Figure 6. Maps of: a) mean growing season temperature, b) Huglin index, and c) GFV temperature summation, based on the 2008-9 to 2013-14 growing seasons in the Marlborough region.
Integration of WRF with the GFV model: 50% flowering/véraison dates
The GFV model has the following parameters (daily degree-day accumulations) that can be used for prediction of flowering and véraison for Sauvignon blanc: F* = 1282 (50% flowering); 2528 (50% véraison), where F* is the critical temperature sum (threshold = 0 °C, starting on the Northern Hemisphere 60th day of the year - 29 August in the Southern Hemisphere). The WRF model output can be used with the GFV model to map the timing of flowering and véraison across vineyard regions, as shown for Marlborough in Figure 7.
Figures 7a and b illustrate the extent of inter-seasonal variability in the development of flowering across the region.
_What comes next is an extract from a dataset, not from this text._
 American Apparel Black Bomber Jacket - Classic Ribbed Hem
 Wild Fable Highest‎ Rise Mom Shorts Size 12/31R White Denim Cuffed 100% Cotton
Using a combination of WRF model output and the GFV model, the development of key phenological phases can be mapped across a region of complex terrain like Marlborough, to provide the basis for predicting the magnitude and timing of harvest for different parts of the region.
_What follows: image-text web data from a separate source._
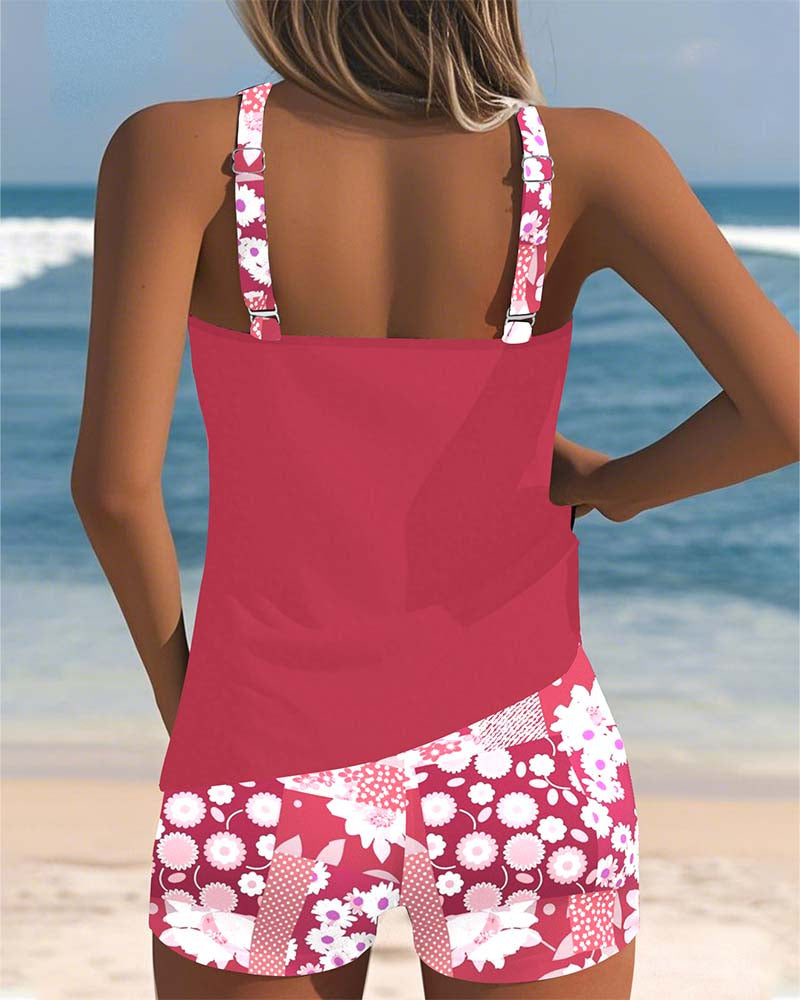 Women’s Floral Tankini Set with Comfortable Fit and Swim Shorts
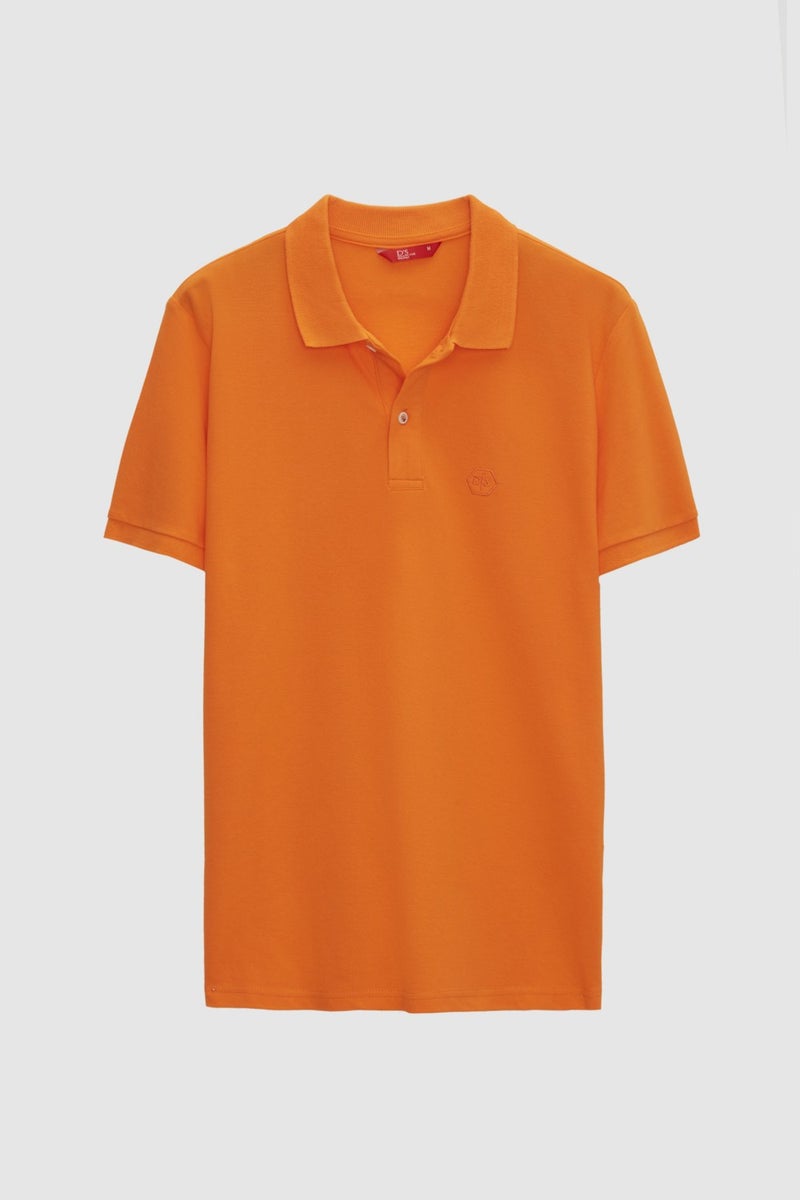 Regular Fit Orange Pique Textured 100% Cotton Non-Curl Polo Collar Embroidered T-Shirt 6HC14ORT51000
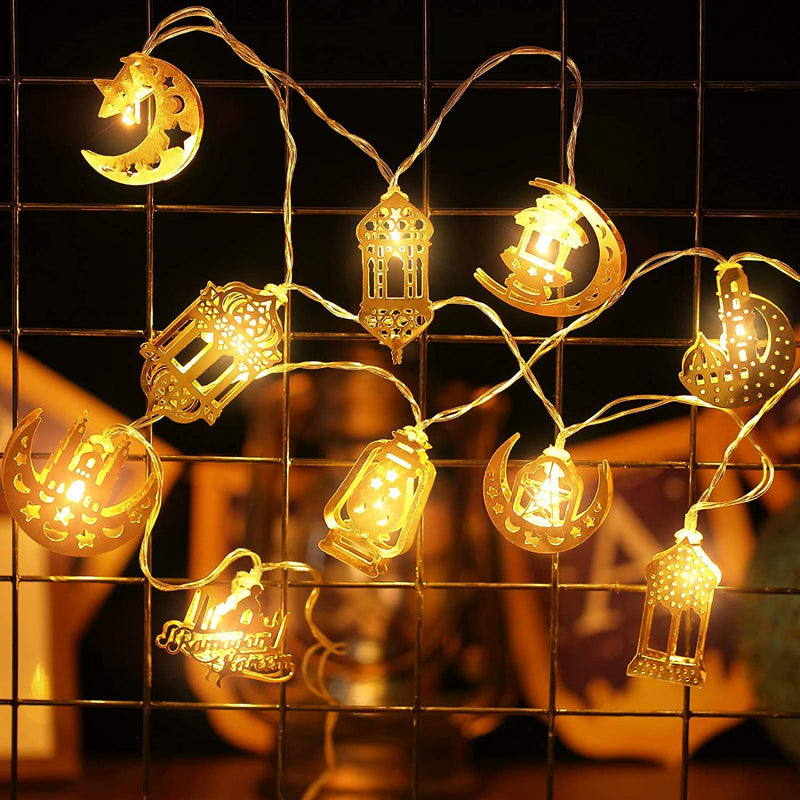 Ramadan String Lights, 6.56 Feet 10 LEDs Eid Moon Star Kerosene Lantern Lamp, Battery Operated for Ramadan  Party Supplies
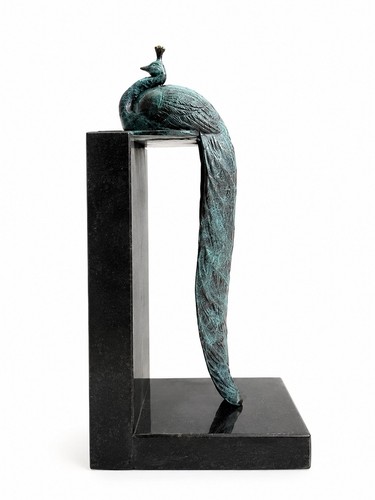 Bronzefigur pfau art - bronzefigur,
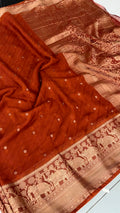 Laser Chiffon Saree Rust Orange Shade- JU17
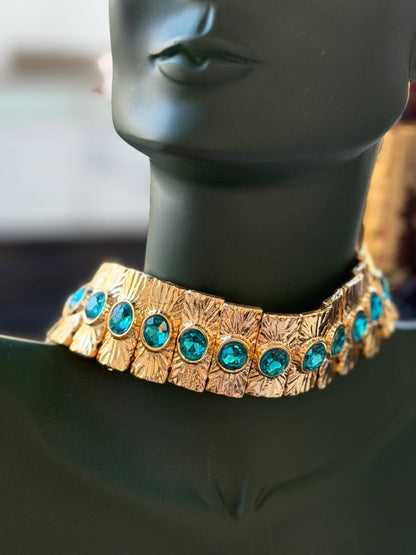 Choker Tasarım Turkuaz Taşlı Set Kolye Ve Bileklik - Muas Aksesuar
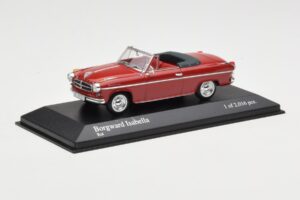 Borgward Isabella カブリオレ レッド Minichamps 1:43 400096060 メタル - 画像 2/4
Figure 7. Isochrone maps of 50% flowering over the Marlborough region during the growing seasons of: a) 2013-14, b) 2014-15, and c) 2008-14. The key in c) indicates the average day and month of the year.
3. Optimal mean growing season temperatures for key Marlborough grape varieties
The WRF-predicted spatial variation in mean growing season temperature (GST) can also be mapped and compared with published optimal ranges of values associated with different grape varieties (Jones, 2006, 2007):
Pinot gris [13 – 15.2 °C]
Chardonnay [14.2 – 17.2 °C]
Pinot noir [14 – 16.2 °C]
Sauvignon blanc [14.8 – 18 °C]
(approximate values extracted from graphs in Jones, 2006, 2007)
In Figure 8, the different mean growing season temperature ranges considered optimal for the four most important Marlborough grape varieties are plotted using the same colour scale, so that the red colours at either end of the scale indicate marginal regions, while the blues and greens represent the most optimal areas for each grape variety.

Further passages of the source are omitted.